## ASSIGNED TASK
Your answer must be the full set of records, repeated exactly.

==================================================

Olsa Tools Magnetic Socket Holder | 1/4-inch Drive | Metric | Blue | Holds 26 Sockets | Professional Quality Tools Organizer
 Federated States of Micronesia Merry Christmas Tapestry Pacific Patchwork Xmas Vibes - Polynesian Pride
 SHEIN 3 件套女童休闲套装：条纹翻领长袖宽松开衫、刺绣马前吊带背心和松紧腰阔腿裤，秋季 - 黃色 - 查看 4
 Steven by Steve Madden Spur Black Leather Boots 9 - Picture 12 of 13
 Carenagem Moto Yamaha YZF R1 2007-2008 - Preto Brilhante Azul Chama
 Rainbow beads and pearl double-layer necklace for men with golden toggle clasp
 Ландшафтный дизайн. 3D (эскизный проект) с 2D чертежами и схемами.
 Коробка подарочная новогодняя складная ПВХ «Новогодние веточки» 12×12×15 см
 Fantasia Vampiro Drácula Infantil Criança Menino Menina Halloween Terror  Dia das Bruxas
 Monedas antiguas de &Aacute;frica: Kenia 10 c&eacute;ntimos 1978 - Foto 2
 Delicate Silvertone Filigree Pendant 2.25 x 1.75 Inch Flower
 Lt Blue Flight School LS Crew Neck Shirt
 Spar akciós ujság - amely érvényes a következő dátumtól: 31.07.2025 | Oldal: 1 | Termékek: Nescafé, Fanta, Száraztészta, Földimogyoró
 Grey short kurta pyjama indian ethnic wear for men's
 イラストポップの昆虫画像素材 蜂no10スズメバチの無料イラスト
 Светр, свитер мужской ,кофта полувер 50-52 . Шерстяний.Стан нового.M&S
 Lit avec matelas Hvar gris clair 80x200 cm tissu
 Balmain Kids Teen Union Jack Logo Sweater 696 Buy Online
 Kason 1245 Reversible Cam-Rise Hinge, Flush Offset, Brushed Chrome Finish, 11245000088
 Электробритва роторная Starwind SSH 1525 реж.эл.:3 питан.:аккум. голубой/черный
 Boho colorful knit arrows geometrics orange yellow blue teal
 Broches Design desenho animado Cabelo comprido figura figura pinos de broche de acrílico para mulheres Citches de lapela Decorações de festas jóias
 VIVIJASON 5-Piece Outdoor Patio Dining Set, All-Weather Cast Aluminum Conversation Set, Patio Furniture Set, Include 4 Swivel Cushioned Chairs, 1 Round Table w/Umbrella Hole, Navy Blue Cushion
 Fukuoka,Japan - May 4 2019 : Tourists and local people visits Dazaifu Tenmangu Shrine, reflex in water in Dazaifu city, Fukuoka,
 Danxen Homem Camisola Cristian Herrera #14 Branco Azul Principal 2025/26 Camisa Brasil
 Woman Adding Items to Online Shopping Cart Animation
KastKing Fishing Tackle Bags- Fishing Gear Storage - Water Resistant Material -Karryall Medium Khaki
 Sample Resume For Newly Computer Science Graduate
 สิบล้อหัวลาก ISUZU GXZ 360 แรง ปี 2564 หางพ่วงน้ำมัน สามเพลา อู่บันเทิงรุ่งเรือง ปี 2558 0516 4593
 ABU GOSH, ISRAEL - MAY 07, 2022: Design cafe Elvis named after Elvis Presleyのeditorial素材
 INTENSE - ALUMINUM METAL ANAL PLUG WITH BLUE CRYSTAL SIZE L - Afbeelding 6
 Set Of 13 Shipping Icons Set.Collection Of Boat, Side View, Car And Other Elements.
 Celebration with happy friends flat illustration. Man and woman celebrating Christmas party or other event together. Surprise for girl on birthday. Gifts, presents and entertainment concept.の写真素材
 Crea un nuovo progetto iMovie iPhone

==================================================

## RESPONSE
Olsa Tools Magnetic Socket Holder | 1/4-inch Drive | Metric | Blue | Holds 26 Sockets | Professional Quality Tools Organizer
 Federated States of Micronesia Merry Christmas Tapestry Pacific Patchwork Xmas Vibes - Polynesian Pride
 SHEIN 3 件套女童休闲套装：条纹翻领长袖宽松开衫、刺绣马前吊带背心和松紧腰阔腿裤，秋季 - 黃色 - 查看 4
 Steven by Steve Madden Spur Black Leather Boots 9 - Picture 12 of 13
 Carenagem Moto Yamaha YZF R1 2007-2008 - Preto Brilhante Azul Chama
 Rainbow beads and pearl double-layer necklace for men with golden toggle clasp
 Ландшафтный дизайн. 3D (эскизный проект) с 2D чертежами и схемами.
 Коробка подарочная новогодняя складная ПВХ «Новогодние веточки» 12×12×15 см
 Fantasia Vampiro Drácula Infantil Criança Menino Menina Halloween Terror  Dia das Bruxas
 Monedas antiguas de &Aacute;frica: Kenia 10 c&eacute;ntimos 1978 - Foto 2
 Delicate Silvertone Filigree Pendant 2.25 x 1.75 Inch Flower
 Lt Blue Flight School LS Crew Neck Shirt
 Spar akciós ujság - amely érvényes a következő dátumtól: 31.07.2025 | Oldal: 1 | Termékek: Nescafé, Fanta, Száraztészta, Földimogyoró
 Grey short kurta pyjama indian ethnic wear for men's
 イラストポップの昆虫画像素材 蜂no10スズメバチの無料イラスト
 Светр, свитер мужской ,кофта полувер 50-52 . Шерстяний.Стан нового.M&S
 Lit avec matelas Hvar gris clair 80x200 cm tissu
 Balmain Kids Teen Union Jack Logo Sweater 696 Buy Online
 Kason 1245 Reversible Cam-Rise Hinge, Flush Offset, Brushed Chrome Finish, 11245000088
 Электробритва роторная Starwind SSH 1525 реж.эл.:3 питан.:аккум. голубой/черный
 Boho colorful knit arrows geometrics orange yellow blue teal
 Broches Design desenho animado Cabelo comprido figura figura pinos de broche de acrílico para mulheres Citches de lapela Decorações de festas jóias
 VIVIJASON 5-Piece Outdoor Patio Dining Set, All-Weather Cast Aluminum Conversation Set, Patio Furniture Set, Include 4 Swivel Cushioned Chairs, 1 Round Table w/Umbrella Hole, Navy Blue Cushion
 Fukuoka,Japan - May 4 2019 : Tourists and local people visits Dazaifu Tenmangu Shrine, reflex in water in Dazaifu city, Fukuoka,
 Danxen Homem Camisola Cristian Herrera #14 Branco Azul Principal 2025/26 Camisa Brasil
 Woman Adding Items to Online Shopping Cart Animation
KastKing Fishing Tackle Bags- Fishing Gear Storage - Water Resistant Material -Karryall Medium Khaki
 Sample Resume For Newly Computer Science Graduate
 สิบล้อหัวลาก ISUZU GXZ 360 แรง ปี 2564 หางพ่วงน้ำมัน สามเพลา อู่บันเทิงรุ่งเรือง ปี 2558 0516 4593
 ABU GOSH, ISRAEL - MAY 07, 2022: Design cafe Elvis named after Elvis Presleyのeditorial素材
 INTENSE - ALUMINUM METAL ANAL PLUG WITH BLUE CRYSTAL SIZE L - Afbeelding 6
 Set Of 13 Shipping Icons Set.Collection Of Boat, Side View, Car And Other Elements.
 Celebration with happy friends flat illustration. Man and woman celebrating Christmas party or other event together. Surprise for girl on birthday. Gifts, presents and entertainment concept.の写真素材
 Crea un nuovo progetto iMovie iPhone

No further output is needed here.